Task to carry out:
Your answer must be the listing repeated word for word, without its pictures.

Supplied data:
===============

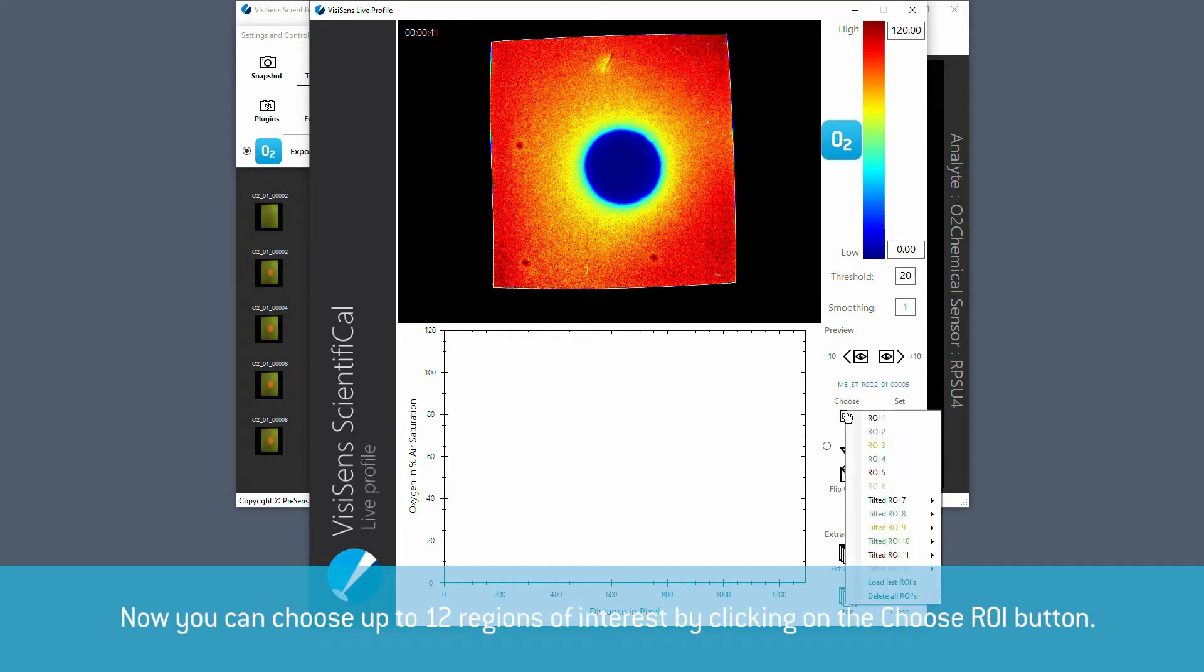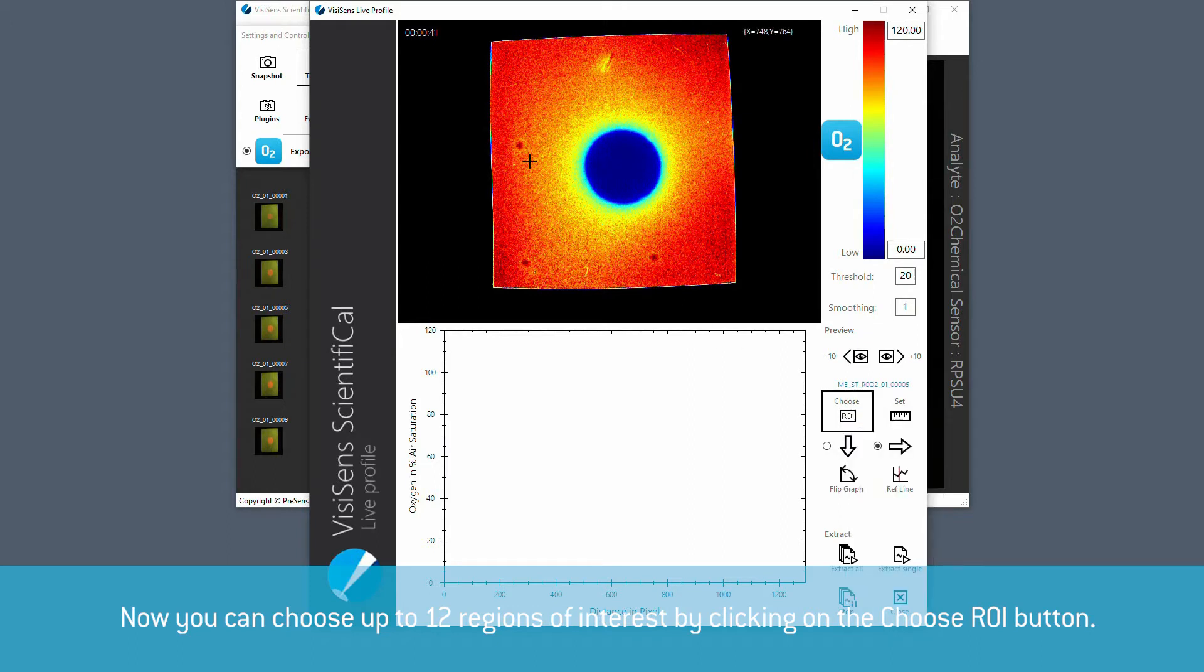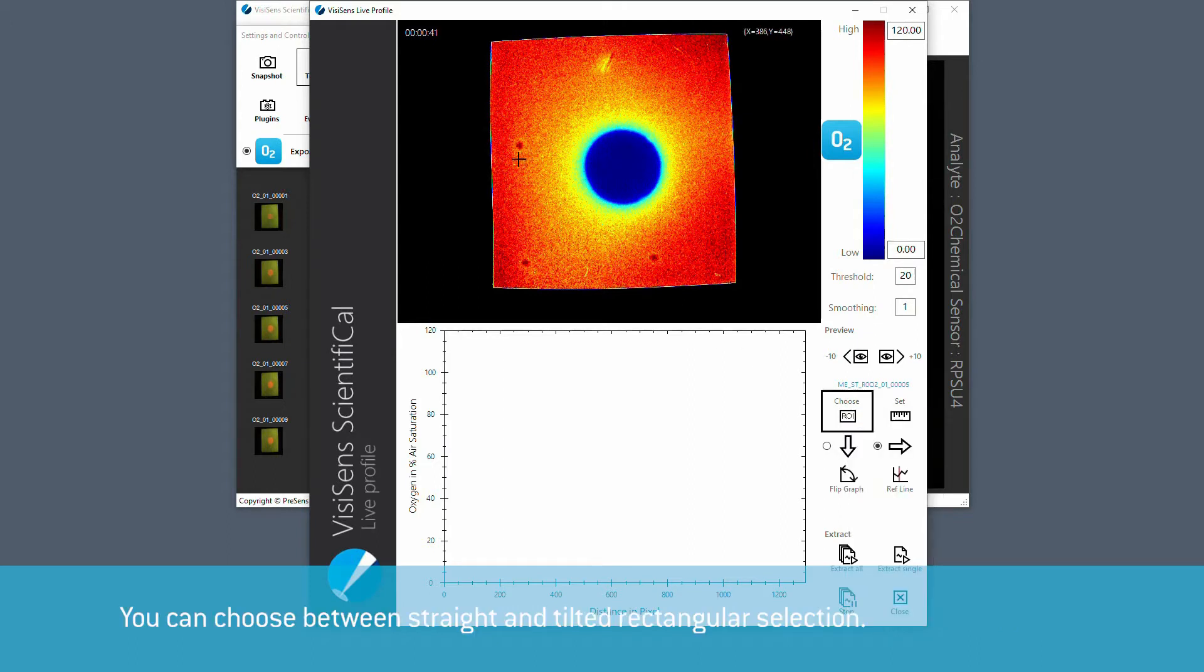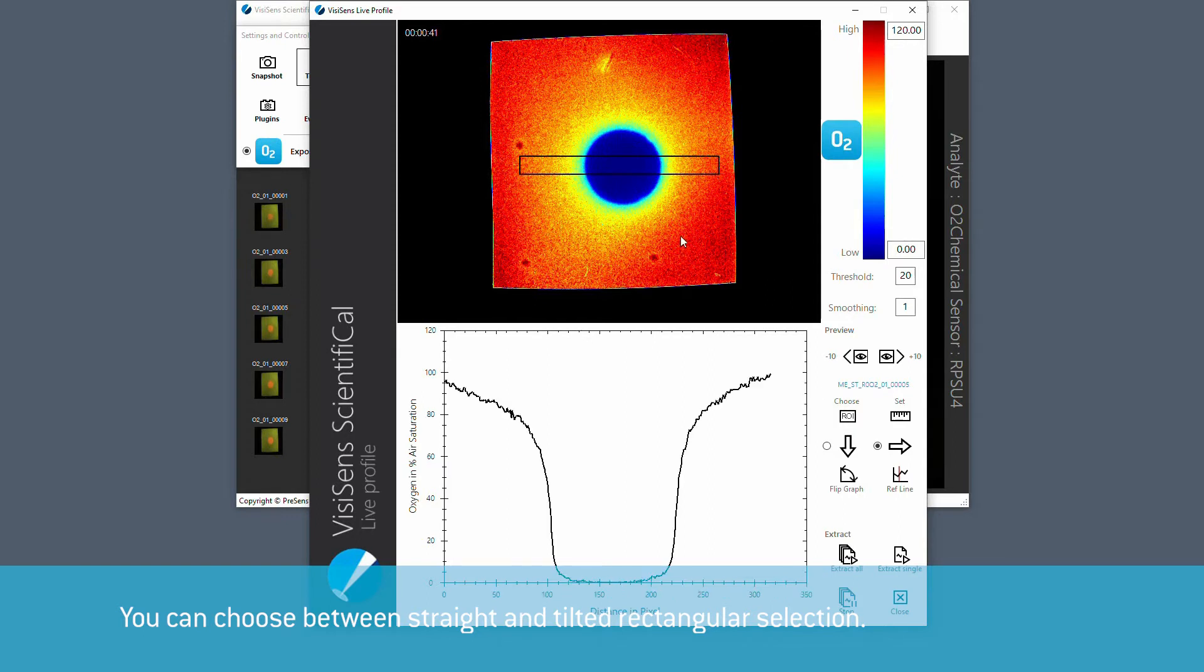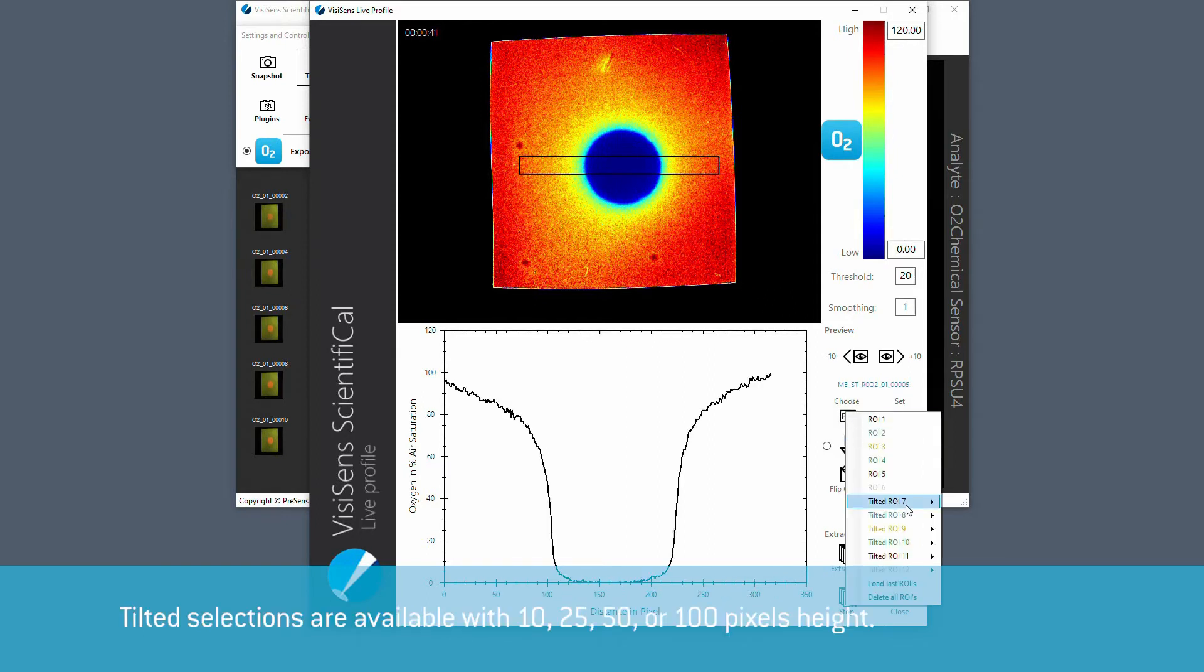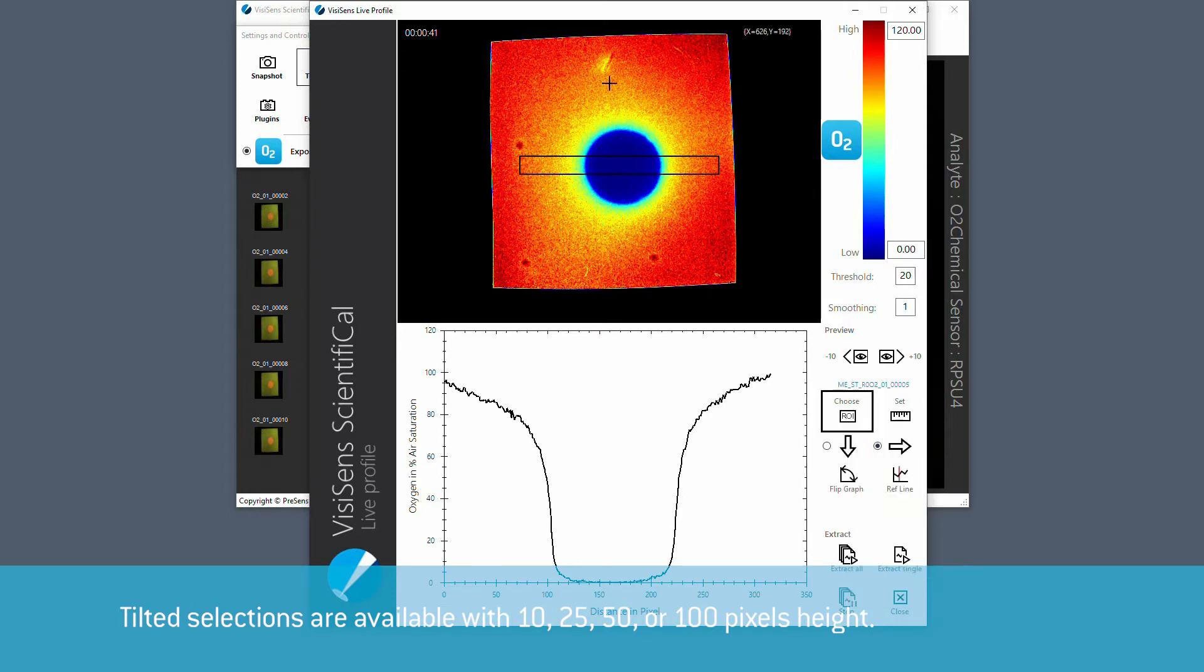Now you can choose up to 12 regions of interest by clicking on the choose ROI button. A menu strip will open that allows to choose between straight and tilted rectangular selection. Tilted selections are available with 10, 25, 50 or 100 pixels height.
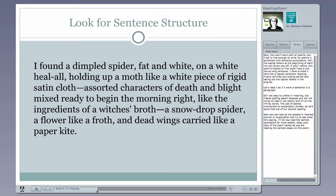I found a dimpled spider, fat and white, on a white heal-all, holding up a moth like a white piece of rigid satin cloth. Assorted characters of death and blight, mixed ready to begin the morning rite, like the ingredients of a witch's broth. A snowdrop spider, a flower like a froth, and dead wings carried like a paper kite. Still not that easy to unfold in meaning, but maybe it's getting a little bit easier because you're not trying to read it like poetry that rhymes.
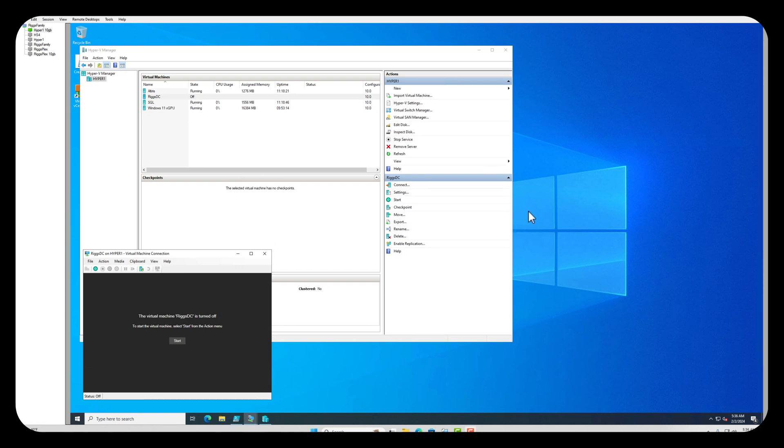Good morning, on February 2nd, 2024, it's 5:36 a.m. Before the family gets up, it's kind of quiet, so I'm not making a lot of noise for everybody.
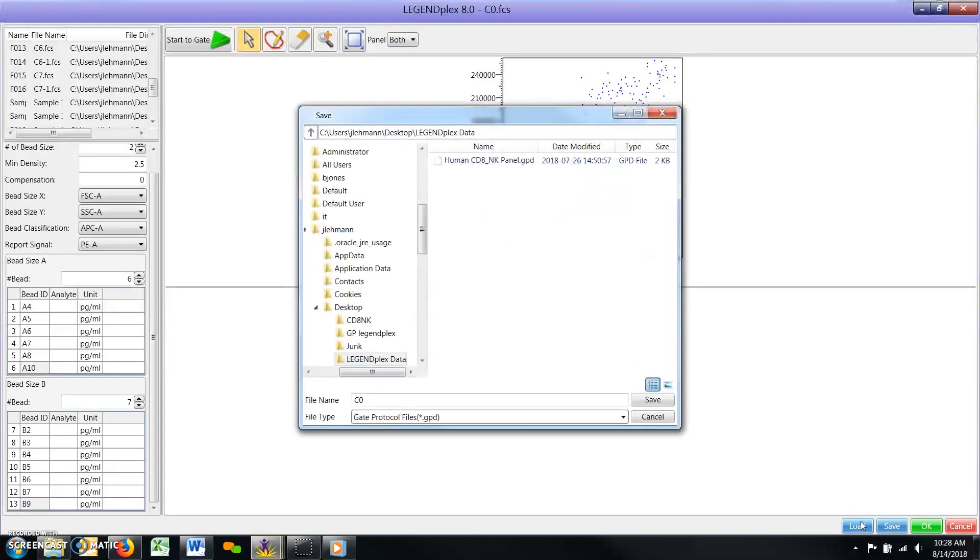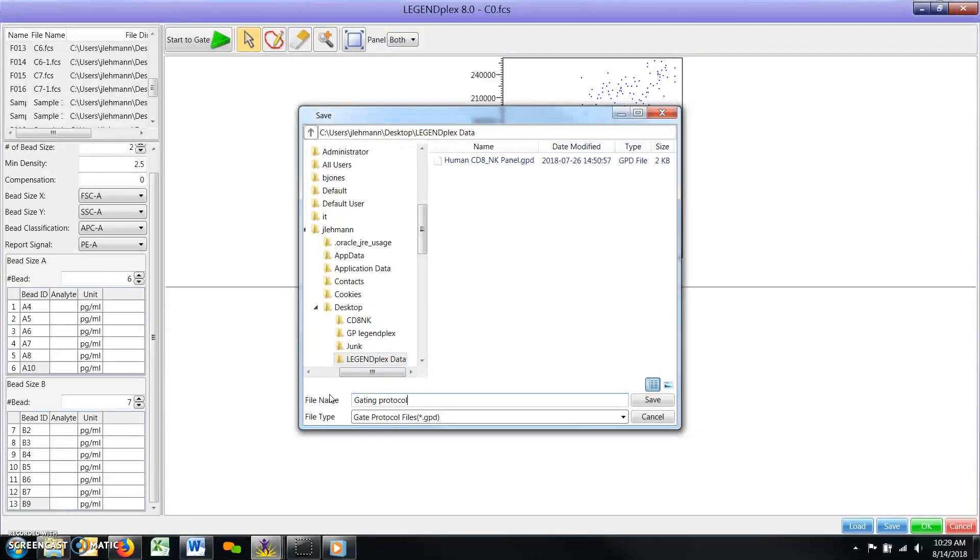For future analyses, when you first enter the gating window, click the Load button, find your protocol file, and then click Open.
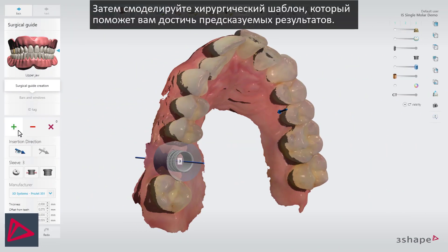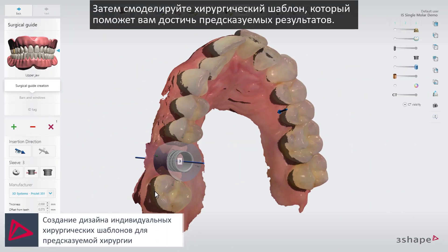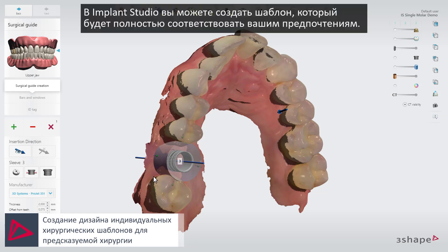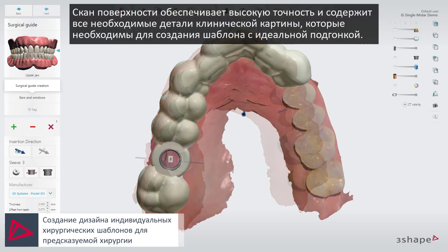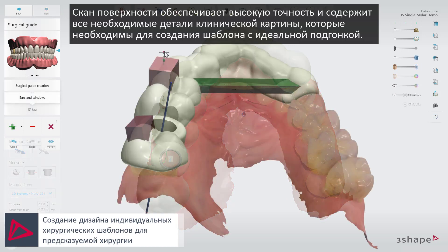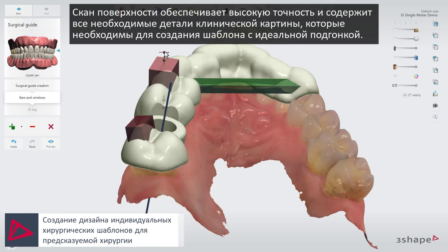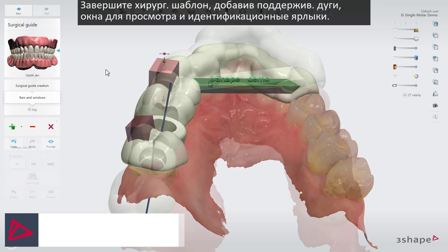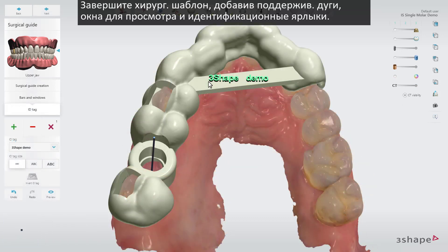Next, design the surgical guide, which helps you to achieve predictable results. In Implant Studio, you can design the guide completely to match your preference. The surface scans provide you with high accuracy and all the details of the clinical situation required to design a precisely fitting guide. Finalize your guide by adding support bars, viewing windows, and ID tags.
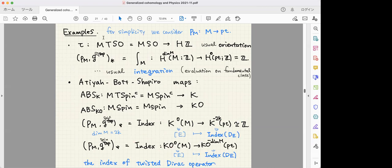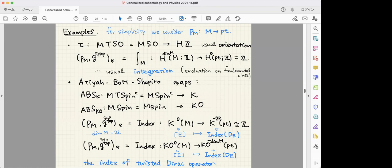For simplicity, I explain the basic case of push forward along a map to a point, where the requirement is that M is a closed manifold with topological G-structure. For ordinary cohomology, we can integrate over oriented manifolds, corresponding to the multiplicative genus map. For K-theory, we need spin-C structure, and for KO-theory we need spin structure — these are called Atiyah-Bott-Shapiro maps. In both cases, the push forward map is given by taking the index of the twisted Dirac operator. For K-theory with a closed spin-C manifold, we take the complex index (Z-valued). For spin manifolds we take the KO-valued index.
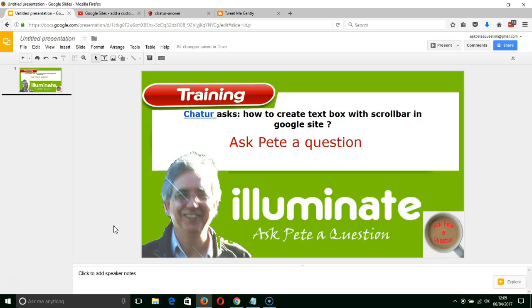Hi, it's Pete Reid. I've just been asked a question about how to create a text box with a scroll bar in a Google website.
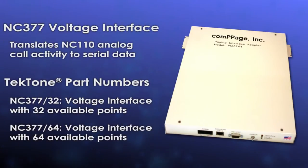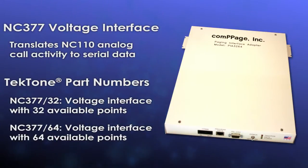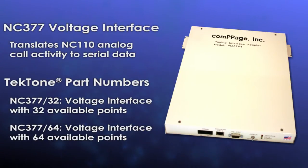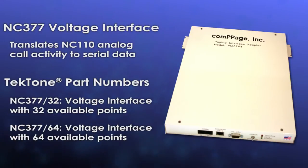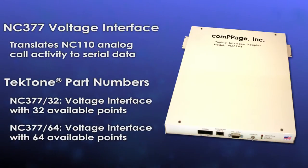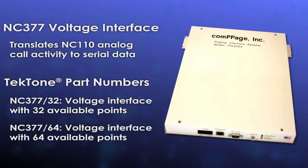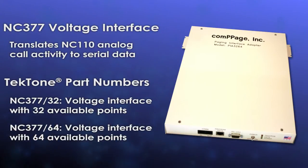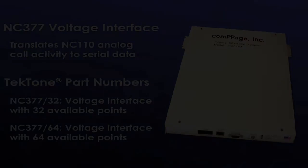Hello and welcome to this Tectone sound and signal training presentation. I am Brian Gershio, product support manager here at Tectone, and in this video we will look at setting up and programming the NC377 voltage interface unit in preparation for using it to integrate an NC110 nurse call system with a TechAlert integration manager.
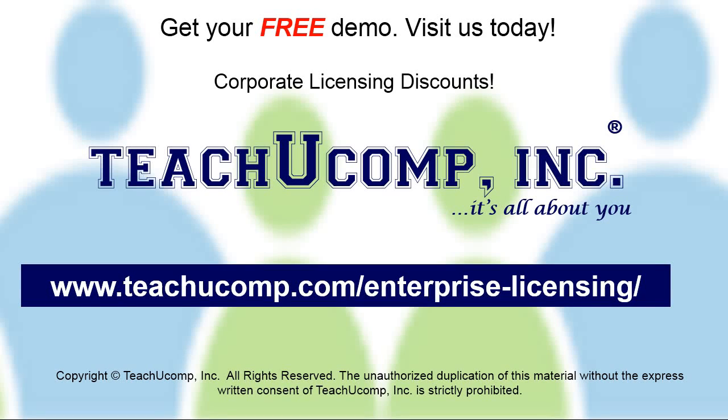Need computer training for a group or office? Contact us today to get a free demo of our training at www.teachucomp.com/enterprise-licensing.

===============

Response to this task:
Now you can choose up to 12 regions of interest by clicking on the choose ROI button. A menu strip will open that allows to choose between straight and tilted rectangular selection. Tilted selections are available with 10, 25, 50 or 100 pixels height.
I found a dimpled spider, fat and white, on a white heal-all, holding up a moth like a white piece of rigid satin cloth. Assorted characters of death and blight, mixed ready to begin the morning rite, like the ingredients of a witch's broth. A snowdrop spider, a flower like a froth, and dead wings carried like a paper kite. Still not that easy to unfold in meaning, but maybe it's getting a little bit easier because you're not trying to read it like poetry that rhymes.
Good morning, on February 2nd, 2024, it's 5:36 a.m. Before the family gets up, it's kind of quiet, so I'm not making a lot of noise for everybody.
For future analyses, when you first enter the gating window, click the Load button, find your protocol file, and then click Open.
Next, design the surgical guide, which helps you to achieve predictable results. In Implant Studio, you can design the guide completely to match your preference. The surface scans provide you with high accuracy and all the details of the clinical situation required to design a precisely fitting guide. Finalize your guide by adding support bars, viewing windows, and ID tags.
For simplicity, I explain the basic case of push forward along a map to a point, where the requirement is that M is a closed manifold with topological G-structure. For ordinary cohomology, we can integrate over oriented manifolds, corresponding to the multiplicative genus map. For K-theory, we need spin-C structure, and for KO-theory we need spin structure — these are called Atiyah-Bott-Shapiro maps. In both cases, the push forward map is given by taking the index of the twisted Dirac operator. For K-theory with a closed spin-C manifold, we take the complex index (Z-valued). For spin manifolds we take the KO-valued index.
Hi, it's Pete Reid. I've just been asked a question about how to create a text box with a scroll bar in a Google website.
Hello and welcome to this Tectone sound and signal training presentation. I am Brian Gershio, product support manager here at Tectone, and in this video we will look at setting up and programming the NC377 voltage interface unit in preparation for using it to integrate an NC110 nurse call system with a TechAlert integration manager.
Need computer training for a group or office? Contact us today to get a free demo of our training at www.teachucomp.com/enterprise-licensing.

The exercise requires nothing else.